Give back every entry exactly as it is written, but not the pictures.

* * *

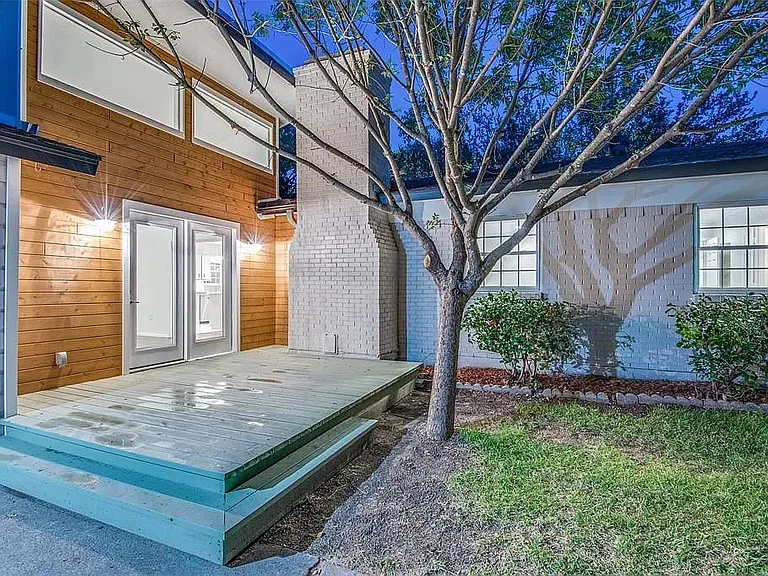 10443 Cromwell Dr — Photo 3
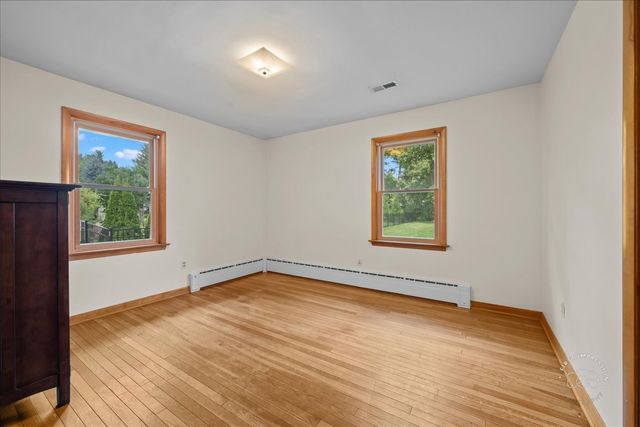 605 W Fabyan Parkway, Geneva, IL 60134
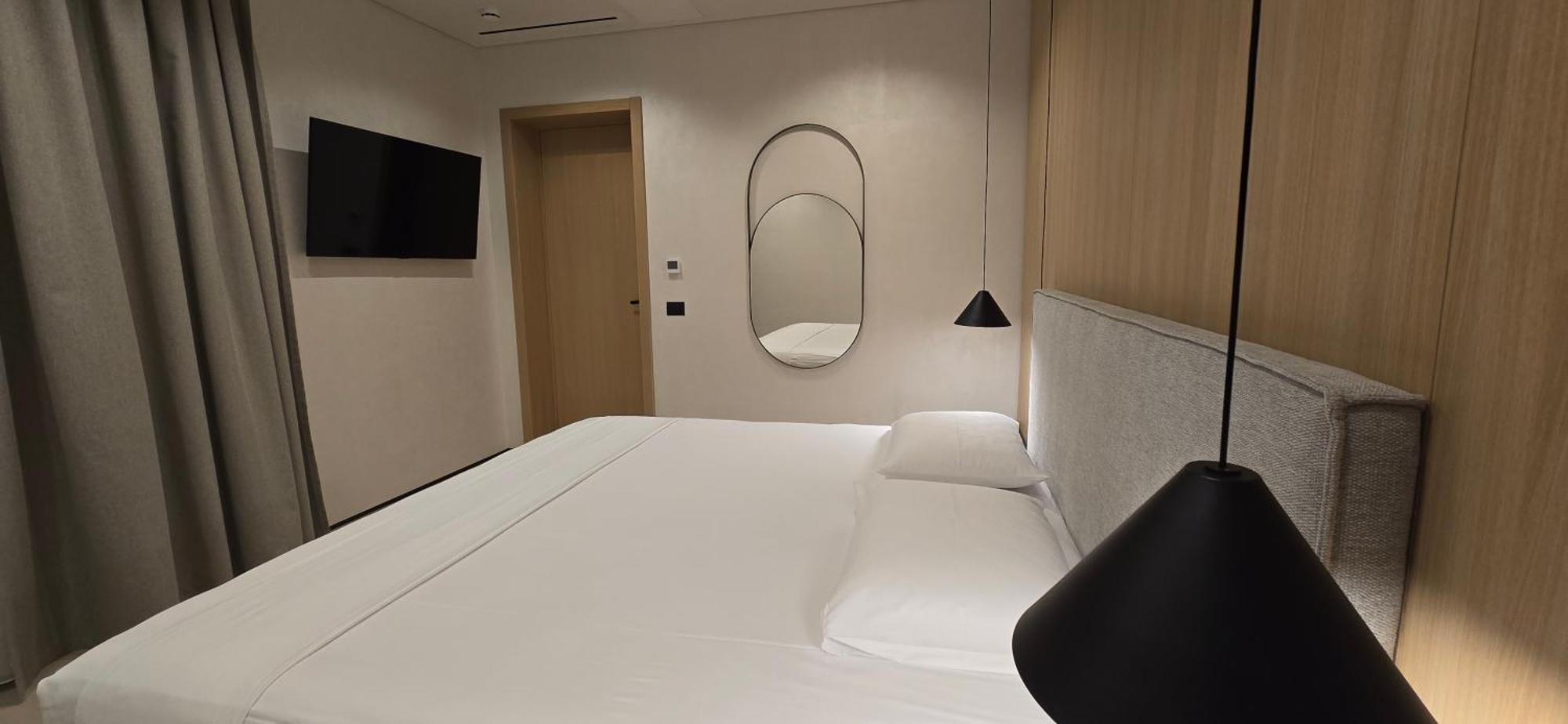 Lion Gate Hotel Sarandë 외부 사진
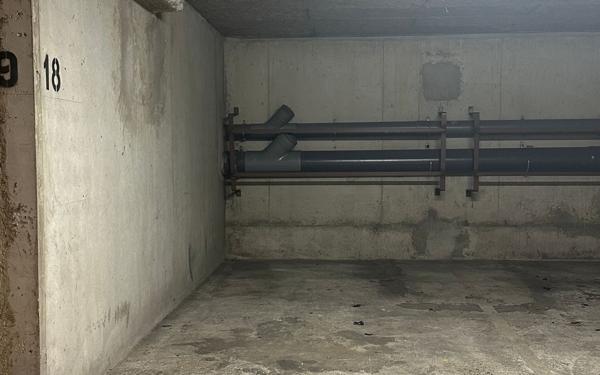 Stationnement à louer    Paris 11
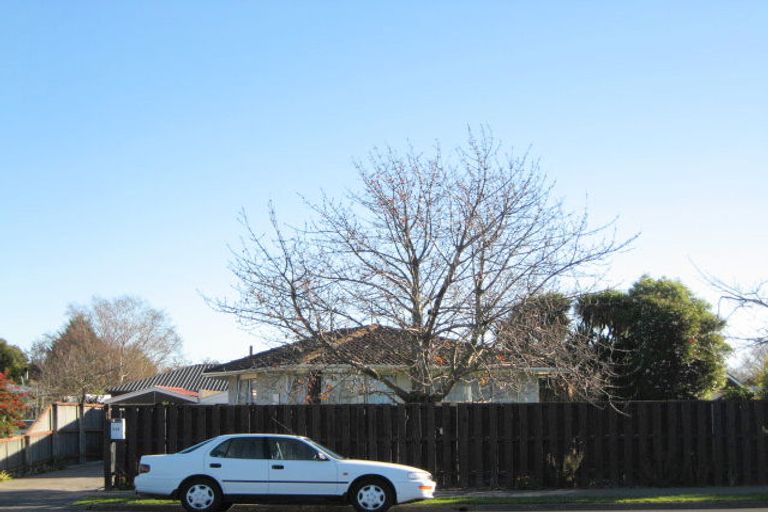 Photo of property in 353 Main North Road, Redwood, Christchurch, 8051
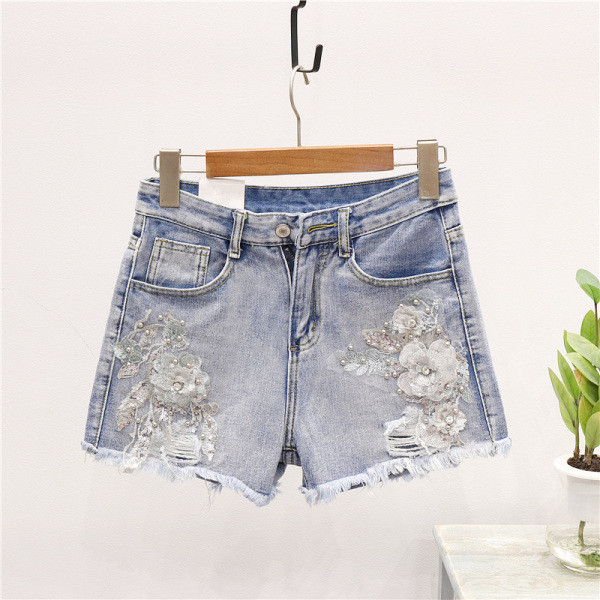 Ежедневен дамски комплект включващ тениска и къси панталони с 3D декорация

* * *

Task solution:
 10443 Cromwell Dr — Photo 3
 605 W Fabyan Parkway, Geneva, IL 60134
 Lion Gate Hotel Sarandë 외부 사진
 Stationnement à louer    Paris 11
 Photo of property in 353 Main North Road, Redwood, Christchurch, 8051
 Ежедневен дамски комплект включващ тениска и къси панталони с 3D декорация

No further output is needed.